• _Directions_
Please copy out every line of the data word for word.

• _Records for this exercise_
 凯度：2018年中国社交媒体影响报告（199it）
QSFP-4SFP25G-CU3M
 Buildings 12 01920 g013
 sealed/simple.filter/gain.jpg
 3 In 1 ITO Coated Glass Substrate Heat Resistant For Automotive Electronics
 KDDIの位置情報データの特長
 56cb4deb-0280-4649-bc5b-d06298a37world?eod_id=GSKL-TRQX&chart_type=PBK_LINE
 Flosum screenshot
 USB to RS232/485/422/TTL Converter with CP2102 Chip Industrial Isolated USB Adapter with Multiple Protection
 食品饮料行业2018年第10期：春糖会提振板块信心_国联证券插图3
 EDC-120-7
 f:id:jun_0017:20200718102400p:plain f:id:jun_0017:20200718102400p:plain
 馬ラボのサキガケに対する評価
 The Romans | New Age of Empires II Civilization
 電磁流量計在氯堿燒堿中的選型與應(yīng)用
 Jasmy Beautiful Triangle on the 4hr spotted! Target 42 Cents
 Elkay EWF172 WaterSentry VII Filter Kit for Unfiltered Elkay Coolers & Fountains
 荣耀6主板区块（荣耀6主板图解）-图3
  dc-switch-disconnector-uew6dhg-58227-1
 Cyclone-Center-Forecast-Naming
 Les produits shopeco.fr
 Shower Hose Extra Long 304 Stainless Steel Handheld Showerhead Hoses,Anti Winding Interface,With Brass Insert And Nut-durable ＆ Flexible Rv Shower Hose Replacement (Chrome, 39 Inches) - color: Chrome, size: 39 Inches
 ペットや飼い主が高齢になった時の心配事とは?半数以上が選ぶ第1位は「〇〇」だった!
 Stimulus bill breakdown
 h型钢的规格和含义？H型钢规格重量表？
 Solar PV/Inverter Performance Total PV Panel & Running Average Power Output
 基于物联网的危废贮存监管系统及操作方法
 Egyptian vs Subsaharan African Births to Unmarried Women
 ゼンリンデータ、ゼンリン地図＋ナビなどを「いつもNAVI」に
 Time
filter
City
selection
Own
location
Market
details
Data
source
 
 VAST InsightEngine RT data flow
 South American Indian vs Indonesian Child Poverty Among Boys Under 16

• _Output of the task_
 凯度：2018年中国社交媒体影响报告（199it）
QSFP-4SFP25G-CU3M
 Buildings 12 01920 g013
 sealed/simple.filter/gain.jpg
 3 In 1 ITO Coated Glass Substrate Heat Resistant For Automotive Electronics
 KDDIの位置情報データの特長
 56cb4deb-0280-4649-bc5b-d06298a37world?eod_id=GSKL-TRQX&chart_type=PBK_LINE
 Flosum screenshot
 USB to RS232/485/422/TTL Converter with CP2102 Chip Industrial Isolated USB Adapter with Multiple Protection
 食品饮料行业2018年第10期：春糖会提振板块信心_国联证券插图3
 EDC-120-7
 f:id:jun_0017:20200718102400p:plain f:id:jun_0017:20200718102400p:plain
 馬ラボのサキガケに対する評価
 The Romans | New Age of Empires II Civilization
 電磁流量計在氯堿燒堿中的選型與應(yīng)用
 Jasmy Beautiful Triangle on the 4hr spotted! Target 42 Cents
 Elkay EWF172 WaterSentry VII Filter Kit for Unfiltered Elkay Coolers & Fountains
 荣耀6主板区块（荣耀6主板图解）-图3
  dc-switch-disconnector-uew6dhg-58227-1
 Cyclone-Center-Forecast-Naming
 Les produits shopeco.fr
 Shower Hose Extra Long 304 Stainless Steel Handheld Showerhead Hoses,Anti Winding Interface,With Brass Insert And Nut-durable ＆ Flexible Rv Shower Hose Replacement (Chrome, 39 Inches) - color: Chrome, size: 39 Inches
 ペットや飼い主が高齢になった時の心配事とは?半数以上が選ぶ第1位は「〇〇」だった!
 Stimulus bill breakdown
 h型钢的规格和含义？H型钢规格重量表？
 Solar PV/Inverter Performance Total PV Panel & Running Average Power Output
 基于物联网的危废贮存监管系统及操作方法
 Egyptian vs Subsaharan African Births to Unmarried Women
 ゼンリンデータ、ゼンリン地図＋ナビなどを「いつもNAVI」に
 Time
filter
City
selection
Own
location
Market
details
Data
source
 
 VAST InsightEngine RT data flow
 South American Indian vs Indonesian Child Poverty Among Boys Under 16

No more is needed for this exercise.